2022.12.27更新
こんにちは。
福岡・佐賀・長崎の税理士法人グループ アップパートナーズです。
年末調整の時期になると「私は103万円以内の給与だから税金はかからない」といった事を耳にしたことがある方もいるのではないでしょうか。パート職員の収入は正社員の給与同様に「給与所得」となります。今回は「所得税」「住民税」「社会保険」それぞれについて税金等がかからない収入の範囲について解説します。
1.所得税の範囲
給与収入が103万円以下であれば所得税がかかりません。
給与にかかる税金を計算する際、「給与所得控除」が使えます。もらっている給与の額に応じて控除額は変動しますが、控除の最低額は55万円です。
また「基礎控除」というものがあります。これは所得が2,400万円を超えるような高所得者でなければ48万円となっています。
上記の各種控除を使って課税される給与額を計算すると下記になります。
給与収入 給与所得控除 基礎控除
103万円 - 55万円 - 48万円 = 0
このように課税される所得がゼロとなるため税金がかからないのです。
逆に言えば給与所得控除と基礎控除を足した103万を超える給与は税金が発生することになります。
2.住民税の範囲
では住民税はどうでしょうか?
住民税には非課税限度額があります。非課税限度額は45万円です。つまり給与所得控除55万円控除後の金額が45万円を超える場合は住民税が発生します。
つまり住民税もかからないようにするためには、給与を100万円以下にしなければならない、という事です。
ただし、この住民税の計算は「所得割」と言われる住民税の計算です。住民税にはもう一つ「均等割」といって市民一律に徴収される税金があります。こちらは市町村によって非課税となる所得の基準が違いますので、各市区町村へ確認をする必要があります。
3.扶養の範囲
次によく従業員から聞かれるものに「いくらまでなら配偶者の扶養に入れるか」があるかと思います。

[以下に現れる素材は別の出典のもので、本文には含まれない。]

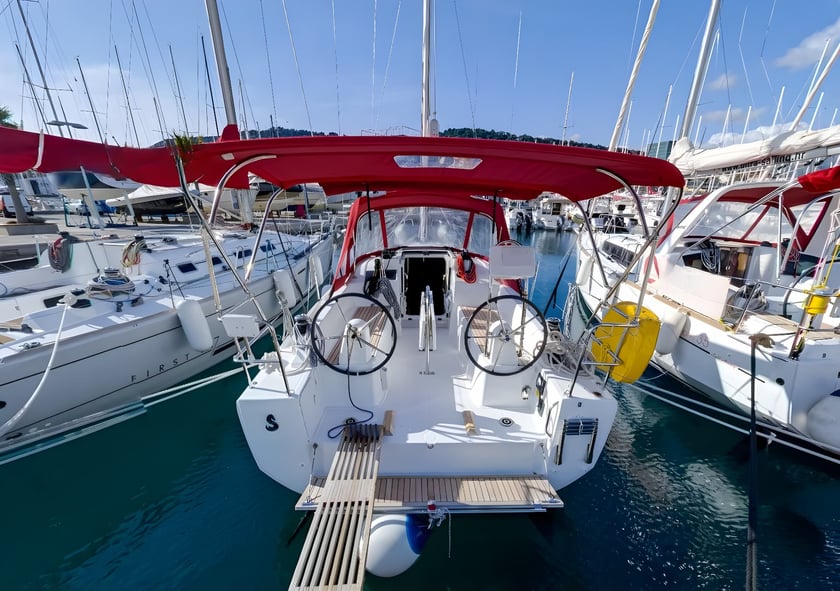 Split Sailboat 2 cabin 6 berths 6 guests 9.53 m Listing Number: #17243 3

配偶者控除は給与収入が103万円以下なら適用できます。
配偶者の給与が103万円を超えた場合でも「配偶者特別控除」の要件に該当すれば控除ができます。103万円を超えて201万5,999円以下なら配偶者特別控除の対象です。配偶者の収入によって控除額が最低1万円から最高38万円に変わります。また、納税者本人の所得が1,000万円を超えると配偶者控除も配偶者特別控除も適用できなくなります。

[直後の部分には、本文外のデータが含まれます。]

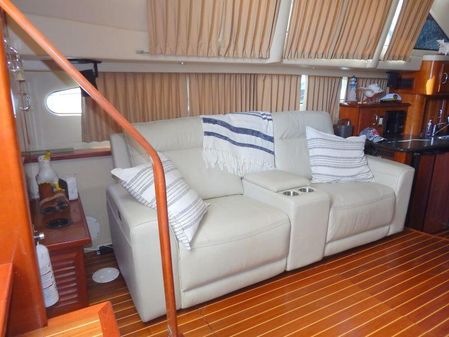 Carver 444 Cockpit Motor Yacht image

さらに、給与から差し引かれる社会保険料にも扶養の考えがあります。
こちらは従業員の扶養する配偶者、同居家族がいる場合、給与収入が130万円未満であれば扶養家族として社会保険の被扶養者に該当します。
このように所得税、住民税、社会保険は課税、扶養の最低基準が違いますので、混同して理解されている方がよくいらっしゃいます。「扶養家族に入れる範囲で、もしくは税金がかからない範囲で給料が欲しい」とパートの職員などから言われた場合には、所得税、住民税、社会保険のどのことについて言っているのか確認することが大事になりますので注意しておきましょう。